§ **Exercise prompt**
The output is the lines below from the one with "Shop Balmain Logo-band" through the one with "MEMUNIA/2020 г. Нови", both included, printed exactly and with no other line.
** Opening Exercise material block **
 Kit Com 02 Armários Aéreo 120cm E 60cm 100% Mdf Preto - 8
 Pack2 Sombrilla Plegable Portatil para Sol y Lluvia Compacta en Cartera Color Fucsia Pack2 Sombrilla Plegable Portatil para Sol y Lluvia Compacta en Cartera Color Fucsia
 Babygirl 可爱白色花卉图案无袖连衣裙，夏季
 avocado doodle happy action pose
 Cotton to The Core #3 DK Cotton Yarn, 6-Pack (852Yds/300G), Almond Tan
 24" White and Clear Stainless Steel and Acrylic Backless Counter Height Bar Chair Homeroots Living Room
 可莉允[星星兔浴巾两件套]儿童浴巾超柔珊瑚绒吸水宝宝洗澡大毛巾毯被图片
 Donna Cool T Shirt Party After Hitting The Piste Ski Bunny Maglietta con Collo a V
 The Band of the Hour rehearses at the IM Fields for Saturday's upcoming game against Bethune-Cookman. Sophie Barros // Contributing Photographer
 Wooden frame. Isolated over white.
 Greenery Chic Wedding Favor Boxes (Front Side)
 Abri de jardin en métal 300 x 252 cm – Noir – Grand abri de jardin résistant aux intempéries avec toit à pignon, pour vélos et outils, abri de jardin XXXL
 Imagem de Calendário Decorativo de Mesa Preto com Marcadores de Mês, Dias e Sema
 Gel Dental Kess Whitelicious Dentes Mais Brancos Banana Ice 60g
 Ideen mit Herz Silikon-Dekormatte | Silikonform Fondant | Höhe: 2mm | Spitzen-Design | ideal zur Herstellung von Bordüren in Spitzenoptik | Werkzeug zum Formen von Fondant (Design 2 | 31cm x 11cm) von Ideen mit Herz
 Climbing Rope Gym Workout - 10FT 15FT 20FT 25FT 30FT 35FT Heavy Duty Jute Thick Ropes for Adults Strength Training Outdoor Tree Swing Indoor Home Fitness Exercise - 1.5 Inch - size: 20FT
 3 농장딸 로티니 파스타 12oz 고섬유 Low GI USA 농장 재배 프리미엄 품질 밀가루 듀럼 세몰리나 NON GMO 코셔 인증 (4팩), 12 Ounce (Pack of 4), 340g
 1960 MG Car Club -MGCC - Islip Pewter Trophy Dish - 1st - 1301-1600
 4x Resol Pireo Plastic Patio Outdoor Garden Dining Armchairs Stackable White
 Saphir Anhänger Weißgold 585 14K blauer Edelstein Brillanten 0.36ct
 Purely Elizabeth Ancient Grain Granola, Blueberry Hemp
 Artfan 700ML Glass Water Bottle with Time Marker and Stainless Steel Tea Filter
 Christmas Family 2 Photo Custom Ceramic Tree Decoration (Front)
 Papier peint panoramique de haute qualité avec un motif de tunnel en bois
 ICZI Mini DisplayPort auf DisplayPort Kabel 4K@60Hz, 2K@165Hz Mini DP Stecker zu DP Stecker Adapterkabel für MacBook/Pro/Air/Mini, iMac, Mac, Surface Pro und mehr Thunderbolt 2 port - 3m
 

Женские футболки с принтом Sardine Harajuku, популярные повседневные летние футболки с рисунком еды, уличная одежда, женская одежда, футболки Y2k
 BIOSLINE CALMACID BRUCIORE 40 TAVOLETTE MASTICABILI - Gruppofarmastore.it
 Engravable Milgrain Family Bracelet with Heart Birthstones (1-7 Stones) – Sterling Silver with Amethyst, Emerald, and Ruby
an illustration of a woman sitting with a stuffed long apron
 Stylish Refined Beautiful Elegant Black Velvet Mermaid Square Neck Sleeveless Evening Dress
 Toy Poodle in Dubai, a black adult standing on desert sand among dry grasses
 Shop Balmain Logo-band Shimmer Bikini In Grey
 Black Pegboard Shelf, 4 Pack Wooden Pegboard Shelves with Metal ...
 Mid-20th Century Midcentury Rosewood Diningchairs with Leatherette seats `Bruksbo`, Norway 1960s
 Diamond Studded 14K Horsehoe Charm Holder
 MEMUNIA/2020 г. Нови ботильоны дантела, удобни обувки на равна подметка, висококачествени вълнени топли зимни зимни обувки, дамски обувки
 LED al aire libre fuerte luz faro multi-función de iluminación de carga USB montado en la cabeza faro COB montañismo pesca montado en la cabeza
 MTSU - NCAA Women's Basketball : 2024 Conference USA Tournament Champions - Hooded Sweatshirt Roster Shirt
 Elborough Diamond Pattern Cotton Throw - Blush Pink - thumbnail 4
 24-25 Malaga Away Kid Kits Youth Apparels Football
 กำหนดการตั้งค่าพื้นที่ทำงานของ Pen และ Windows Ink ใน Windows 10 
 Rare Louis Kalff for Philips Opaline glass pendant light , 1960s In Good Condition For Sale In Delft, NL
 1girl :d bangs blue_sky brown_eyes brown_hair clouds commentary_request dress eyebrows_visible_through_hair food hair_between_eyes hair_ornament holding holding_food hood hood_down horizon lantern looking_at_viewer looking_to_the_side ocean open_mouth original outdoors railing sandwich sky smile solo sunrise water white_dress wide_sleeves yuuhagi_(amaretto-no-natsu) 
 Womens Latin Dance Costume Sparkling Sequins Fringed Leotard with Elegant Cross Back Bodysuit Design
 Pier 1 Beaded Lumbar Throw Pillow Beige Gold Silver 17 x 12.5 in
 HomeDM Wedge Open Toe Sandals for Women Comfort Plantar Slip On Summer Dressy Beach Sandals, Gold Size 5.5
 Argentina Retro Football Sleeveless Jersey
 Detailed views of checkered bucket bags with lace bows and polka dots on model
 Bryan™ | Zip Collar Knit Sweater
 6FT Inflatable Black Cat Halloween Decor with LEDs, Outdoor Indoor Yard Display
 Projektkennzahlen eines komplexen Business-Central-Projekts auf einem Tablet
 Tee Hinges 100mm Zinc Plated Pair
** Closing Exercise material block **
§ **Expected output**
 Shop Balmain Logo-band Shimmer Bikini In Grey
 Black Pegboard Shelf, 4 Pack Wooden Pegboard Shelves with Metal ...
 Mid-20th Century Midcentury Rosewood Diningchairs with Leatherette seats `Bruksbo`, Norway 1960s
 Diamond Studded 14K Horsehoe Charm Holder
 MEMUNIA/2020 г. Нови ботильоны дантела, удобни обувки на равна подметка, висококачествени вълнени топли зимни зимни обувки, дамски обувки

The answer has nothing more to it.